You won’t find any Air Force scandals in DiSilverio's novels, even though people are constantly asking why she doesn’t write military thrillers. “The problem with that Is that I had access to highly confidential information and signed non-disclosure agreements," she explains. "So I can't use any of that stuff.”

Military life does get worked into plot lines, though, through characters with military backgrounds like Charlie Swift, the private eye protagonist in DiSilverio’s Swift Investigation series, who started out in the Air Force Office of Special Investigations.

DiSilverio started writing full-time in 2004 when she retired from the Air Force. “It took about a year to get a completed manuscript," she remembers. "It took me two more years to find an agent. I have at least 108 rejection letters stacked in a drawer somewhere.”

When DiSilverio finally signed with an agent, she thought her troubles were over. Not quite: That first novel never actually sold. “What was I doing in the meantime? Writing a sequel to the book that never sold,” DiSilverio says.

Finally, in 2009, her agent called with a pitch from a publisher about women in a beauty parlor in coastal Georgia. “My first novel wasn’t even my own idea,” says DiSilverio.

No matter. That year the dam broke loose, and she wound up with contracts on ten books. So far, DiSilverio has done a humorous private investigation series and a mall cop series; her latest series — The Readaholics mysteries — became a national bestseller. The first book was released in April, and the latest installment – The Readaholics and the Poirot Puzzle – launches today, December 1.

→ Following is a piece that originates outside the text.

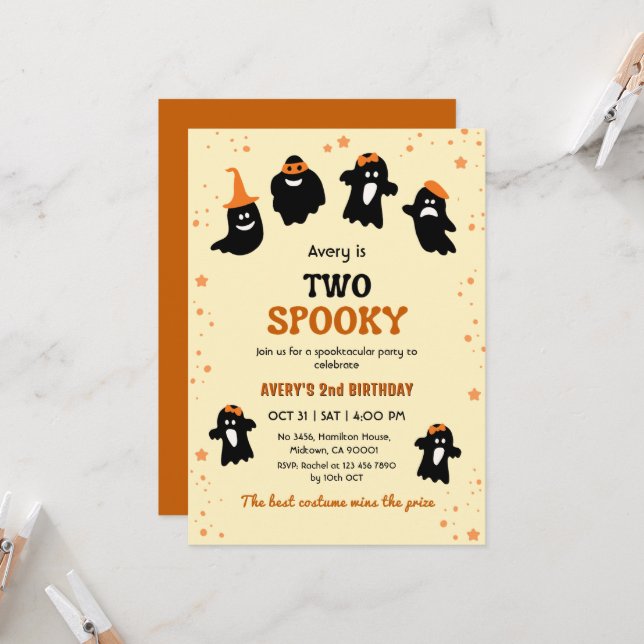 Invitación Dos fantasmas divertidos de Halloween cumpleaños e (Anverso/Reverso In Situ)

The series is set in the fictional Western Slope town of Heaven, Colorado, and follows the five women in the Readaholics Book Club. “The women have jobs ranging from event organizer to part-time mayor to conspiracy theory blogger, and they read classic mysteries,” says DiSilverio. That last bit has been “really cool,” she adds, “because I’d never read those classics, and this is forcing me to get back into the foundations of my own literature.”

The Readaholics characters are smart and feisty. “I wanted them to be women my readers would want to be in a book club with,” DiSilverio explains. In The Readaholics and the Poirot Puzzle, the main protagonist organizes a party; when somebody is murdered there, the Readaholics plunge into their next investigation while simultaneously reading Agatha Christie’s Murder on the Orient Express, which plays into how the book club solves the crime.

In September, DiSilverio released The Reckoning Stones, a standalone novel about Marcy Asher, who fled a tight-knit religious community when she was fifteen after accusing her pastor of molestation. The story opens decades later, when Marcy returns to her hometown of Black Forest, Colorado, to investigate a crime that was never solved. “It’s a novel about forgiveness, grace and redemption, and whether we can earn redemption. It’s also a mystery and suspense novel,” DiSilverio says.

Library Journal made The Reckoning Stones its pick of the month, and The Boston Globe hailed it as "nuanced and believable."

Colorado clearly inspires DiSilverio, who grew up in a military family. “I’ve been here fourteen years, she says. “That’s the longest I’ve ever lived anywhere in my entire life.”

In addition to her surroundings, DiSilverio draws inspiration “from people, from chance encounters, from a news story I hear in passing,” she says. “The way two people interact will spark an idea in me, and my brain goes into what/if mode.”